El empleado del coche-cama: 2
Capítulo II
editarAlguien ha anonadado con su presencia á los que ocupamos el resto del vagón. Los oficiales ingleses, con todas las condecoraciones que adornan sus pechos y su tez curtida por el sol de exóticas campañas, no existen; unas condesas italianas, que han de bajar en Turín y ostentan coronas en los forros de sus maletas, quedan como aplastadas en su compartimiento; yo doy gracias humildemente al igualitario progreso de los tiempos actuales, que me permite dormir separado por un tabique de madera de la persona que descansa en la pieza inmediata.
Dos señoras vestidas de negro han subido en París. Un grupo de hombres ha permanecido en el andén hasta el último instante mirándolas con mudo respeto: unos en traje civil, de sobria elegancia, esbeltos, bien afeitados, con un monóculo bajo la ceja arqueada, secretarios y agregados de la Embajada británica; otros con uniforme de marino, pero uniforme de batalla, sin faldones, sin dorados, apoyándose en un bastoncillo de paseo, ostentando en la visera de la gorra el reborde de laureles que distingue á los jefes superiores.
Circula por el vagón el nombre de una de las viajeras. Es una duquesa de la corte de Inglaterra, una amiga de la difunta reina Victoria, cincuenta años de historial británico encerrados en un cuerpo que debió ser hermoso y ahora aparece algo hinchado por la edad y plebeyamente enrojecido. Una corona de cabellos blancos suaviza la tez subida de color; los ojos son los únicos que conservan en su majestuoso azul el reflejo de la pasada gloria. Lleva un gorrito albo y encañonado debajo del luengo velo de luto. Su acompañante es más alta, más estirada, menos accesible, como si recogiese en su enjuta persona de dama de compañía todo el orgullo y la altivez de que se despoja la señora. La duquesa sonríe ante la solicitud demasiado expansiva del empleado del vagón, mientras la honorable doméstica la acoge con un gesto duro y frío.

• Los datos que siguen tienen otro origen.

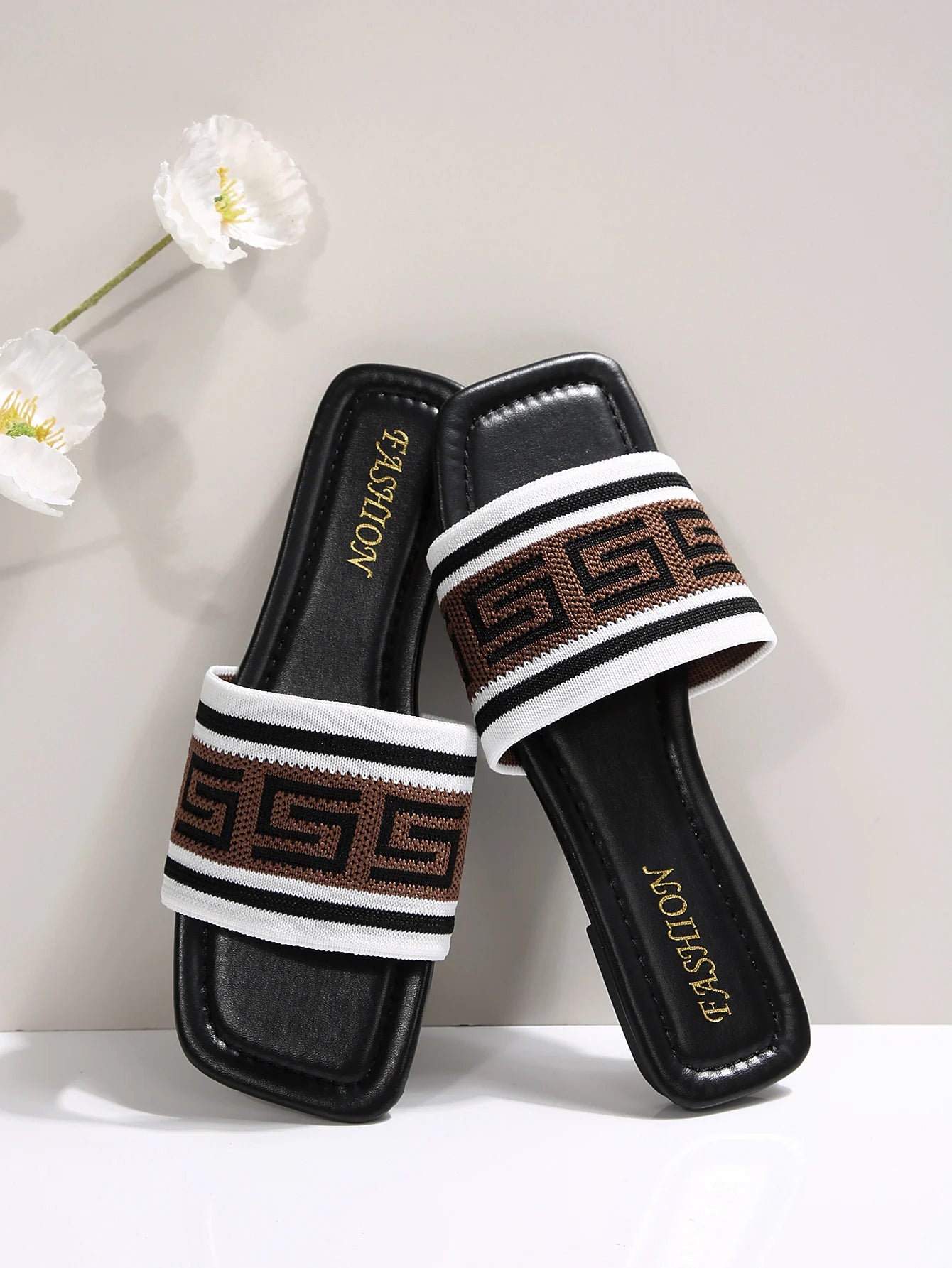 Fashionable Classic Simplicity Sandals Slides Women New Slippers Cloth Cover Letter Outdoor Casual Flat Bottom Slippers Women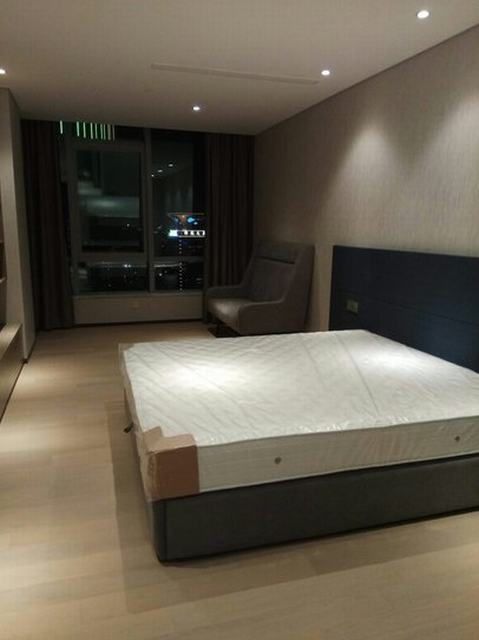 Bedrooms-Master Bedroom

Antes de dormirme, desfilan por mi memoria los recuerdos que guardo de esta anciana célebre que está tendida á cincuenta centímetros de mi cuerpo. La veo como la vi muchas veces en los grabados de las ilustraciones inglesas, con su diadema de brillantes y el pecho constelado de joyas y condecoraciones, asistiendo á las fiestas de su regia amiga, á sus jubileos de estrépito universal, á las coronaciones de su hijo y de su nieto. Es pairesa no sé cuántas veces. Posee calles enteras de Londres; vastos parques donde corre el zorro perseguido por un tropel de jinetes de casaca roja que galopan entre rugidos de trompas; castillos en Escocia al borde de lagos verdes que hacen recordar las novelas de Wálter Scott; vastas posesiones en Irlanda que sirvieron algunas veces de nocturno escenario á las hazañas de los fenianos de negro antifaz. Su primer marido fué virrey de las Indias, y ella recibió el homenaje de las muchedumbres pálidas y misteriosas en lo alto de un elefante blanco, dentro de un templete de filigrana de oro semejante á un relicario. Su segundo esposo presidió ministerios y arregló los destinos del planeta hablando hasta media noche en la Cámara de los Comunes ante los hombres que simbolizan la majestad de Inglaterra con el sombrero calado y los pies en el respaldo del banco anterior. Dos lores discípulos de Jorge Brumell murieron por ella. Uno se pegó un tiro teniendo ante su boca un pañuelo de blondas, lo único que había conseguido de la gentil duquesa. Otro, desesperado, se hizo pastor metodista y fué á evangelizar ciertas islas de Oceanía, donde su primer sermón terminó en hoguera y festín de caníbales. Esta dama empequeñecida por los años, gorda y de mejillas rojas y brillantes como manzanas, ha cazado el tigre en Asia, el hipopótamo y el león en África, tiene un yate que es casi un trasatlántico, en el que ha vivido años enteros, y no encuentra en toda la superficie del globo un lugar que tiente su curiosidad.
Antes de partir el tren, el empleado del vagón sabía ya el motivo que ha arrancado á la duquesa de su castillo cerca de Londres, haciéndola atravesar París de estación á estación.
—Va á Brindis—me ha dicho—para recibir el cadáver de su nieto, un aviador que acaba de morir en los Dardanelos.